The touch of her was intoxicating. The feel of having nothing between yourself and the water is much like having cold water thrown on you. The intensity of exposure yet concealed under that anonymity and darkness. The feel of the pea gravel on your feet. The chill of the spring breeze on whatever skin is exposed above the water.
“In the summer,” one of the boys was saying, “this place is nearly shoulder to shoulder with people.”
“And they are all naked?”
“Most of them, yeah. I’ve been coming here since I was a kid. You tell someone that and they’ll think you are weird.”
“There’s nothing weird though. Not when you are in it.”
“Oh, totally,” the first kid said. “It’s not a sexual thing. Not unless you make it that way. It shouldn’t even be weird.”
I had thought about a buddy of mine who I had told my plans to. He jokingly called us Hylas and his water nymph. He had spent a lot of time in the buff at places such as these.
“People who don’t know think it’s an orgy or something. It’s not. Sure, people have sex, but that’s not why you go. If somebody scoots off to the woods for a quickie, it’s not anybody else’s business. It’s freedom.”

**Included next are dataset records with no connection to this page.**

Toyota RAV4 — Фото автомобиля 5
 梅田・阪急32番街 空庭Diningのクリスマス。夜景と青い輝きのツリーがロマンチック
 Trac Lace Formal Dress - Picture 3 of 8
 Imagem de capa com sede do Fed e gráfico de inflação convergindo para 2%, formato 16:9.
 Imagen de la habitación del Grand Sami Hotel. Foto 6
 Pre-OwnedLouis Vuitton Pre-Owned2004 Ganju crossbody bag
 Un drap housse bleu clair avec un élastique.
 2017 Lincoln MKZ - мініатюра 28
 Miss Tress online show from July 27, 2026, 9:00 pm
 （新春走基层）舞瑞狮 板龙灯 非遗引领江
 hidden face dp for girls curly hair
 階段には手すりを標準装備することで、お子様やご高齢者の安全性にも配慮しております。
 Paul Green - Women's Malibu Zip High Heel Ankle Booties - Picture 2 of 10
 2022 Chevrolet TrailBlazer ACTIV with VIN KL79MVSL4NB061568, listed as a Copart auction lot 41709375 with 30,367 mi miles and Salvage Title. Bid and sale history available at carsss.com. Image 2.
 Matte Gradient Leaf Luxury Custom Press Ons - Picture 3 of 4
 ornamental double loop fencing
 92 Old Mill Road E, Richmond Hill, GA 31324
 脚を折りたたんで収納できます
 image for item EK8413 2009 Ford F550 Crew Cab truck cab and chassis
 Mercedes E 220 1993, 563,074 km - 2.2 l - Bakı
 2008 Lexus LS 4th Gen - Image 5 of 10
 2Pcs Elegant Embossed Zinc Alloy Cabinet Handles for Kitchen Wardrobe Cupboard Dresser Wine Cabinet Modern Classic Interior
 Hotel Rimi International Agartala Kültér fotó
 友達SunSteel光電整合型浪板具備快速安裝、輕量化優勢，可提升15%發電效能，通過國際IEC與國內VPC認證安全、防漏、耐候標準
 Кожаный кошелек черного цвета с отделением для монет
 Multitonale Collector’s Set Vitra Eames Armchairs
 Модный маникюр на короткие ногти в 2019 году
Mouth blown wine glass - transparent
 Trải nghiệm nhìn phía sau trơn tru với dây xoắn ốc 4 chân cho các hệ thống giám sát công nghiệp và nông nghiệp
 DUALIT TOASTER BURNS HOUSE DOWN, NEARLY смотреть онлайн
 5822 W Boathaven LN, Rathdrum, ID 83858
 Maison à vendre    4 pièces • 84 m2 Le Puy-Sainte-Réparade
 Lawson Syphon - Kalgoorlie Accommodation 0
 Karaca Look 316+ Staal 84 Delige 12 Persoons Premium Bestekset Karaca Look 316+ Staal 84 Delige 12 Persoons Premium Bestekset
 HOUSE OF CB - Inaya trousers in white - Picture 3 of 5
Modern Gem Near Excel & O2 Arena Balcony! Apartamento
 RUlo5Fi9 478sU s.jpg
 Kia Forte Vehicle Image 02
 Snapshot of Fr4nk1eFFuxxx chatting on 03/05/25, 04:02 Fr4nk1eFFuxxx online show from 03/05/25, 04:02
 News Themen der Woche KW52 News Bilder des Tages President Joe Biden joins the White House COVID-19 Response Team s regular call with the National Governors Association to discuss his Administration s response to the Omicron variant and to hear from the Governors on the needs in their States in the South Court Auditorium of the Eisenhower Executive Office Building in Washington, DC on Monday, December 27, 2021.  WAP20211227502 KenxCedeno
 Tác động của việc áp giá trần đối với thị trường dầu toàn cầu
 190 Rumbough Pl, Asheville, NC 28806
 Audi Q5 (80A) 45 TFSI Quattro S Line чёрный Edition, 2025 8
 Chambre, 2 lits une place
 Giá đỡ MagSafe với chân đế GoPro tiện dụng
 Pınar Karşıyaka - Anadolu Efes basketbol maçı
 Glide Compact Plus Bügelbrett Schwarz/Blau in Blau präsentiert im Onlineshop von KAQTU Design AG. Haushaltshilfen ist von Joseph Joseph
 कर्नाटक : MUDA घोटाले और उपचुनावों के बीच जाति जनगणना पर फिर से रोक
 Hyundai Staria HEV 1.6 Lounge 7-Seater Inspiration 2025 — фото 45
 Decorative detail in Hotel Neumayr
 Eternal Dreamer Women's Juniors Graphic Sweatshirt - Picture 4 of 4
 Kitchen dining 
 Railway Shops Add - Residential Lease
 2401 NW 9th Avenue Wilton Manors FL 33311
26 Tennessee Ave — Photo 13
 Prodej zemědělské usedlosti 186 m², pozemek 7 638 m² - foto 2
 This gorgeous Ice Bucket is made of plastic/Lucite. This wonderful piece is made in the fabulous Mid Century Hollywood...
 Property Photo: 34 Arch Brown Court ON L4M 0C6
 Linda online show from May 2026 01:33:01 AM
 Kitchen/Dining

The strangest thing for me about the experience was how people’s hair looks. We style our hair to match our clothes and without those, we look silly. The other thing too is that none of us are centerfold material. Each of us has a goofy looking body to some degree when we are naked. We have rolls and folds and moles and freckles and flab and body hair and cellulite. Those things are more characteristic of who we are and our experiences at life than the clothes we wear. They are the things we keep hidden.
We headed home late that night, having stayed longer than I had expected. We would go to another naturalist resort, this time more built up. Less…feral. At that place I saw a more disturbing side of the culture. A red-haired man insisted on visiting with us, standing just enough out of the water that each ripple rolled up his leg and tapped the underside of his bulbous red-laced scrotum. Eye contact is a necessity, but damned if periferal vision isn’t still very effective. Jeez, buddy, pick one side of the water or the other!
The water nymph and I wouldn’t make it to the next summer together. That spark was only enough to rekindle another three months. Then another four of waiting for the end. Always so busy. Always the wrong time. Another six months and she was engaged. Then married. I felt myself relax. No longer was there the yo-yo and rollercoaster and unfulfilled plans and promises. The panic attacks and wondering why it was Friday night and she was out with people I would never meet. Finally over. Had I chosen that March morning to not pick up the phone and just keep driving in that blizzard, who’s to say how things would have been. I think in those days, I need to follow through with the lesson to see where the road would take me.
I heard someone say once that the moments you share with someone are often just that: moments. They don’t mean anything past that. I think that is true for some. I do know that what I got to keep from the experience is being able to say non-chalantly that I have been to a naturalist resort and had the full experience. I’ll probably even be smug about it because being naked with a bunch of strangers now means I’m cultured.
I might do it again one day, but it really lost its mystery. Underneath our clothes, we are all naked. Every day. Everywhere we go. I feel more exposed recounting this tale than I ever did in that hot spring.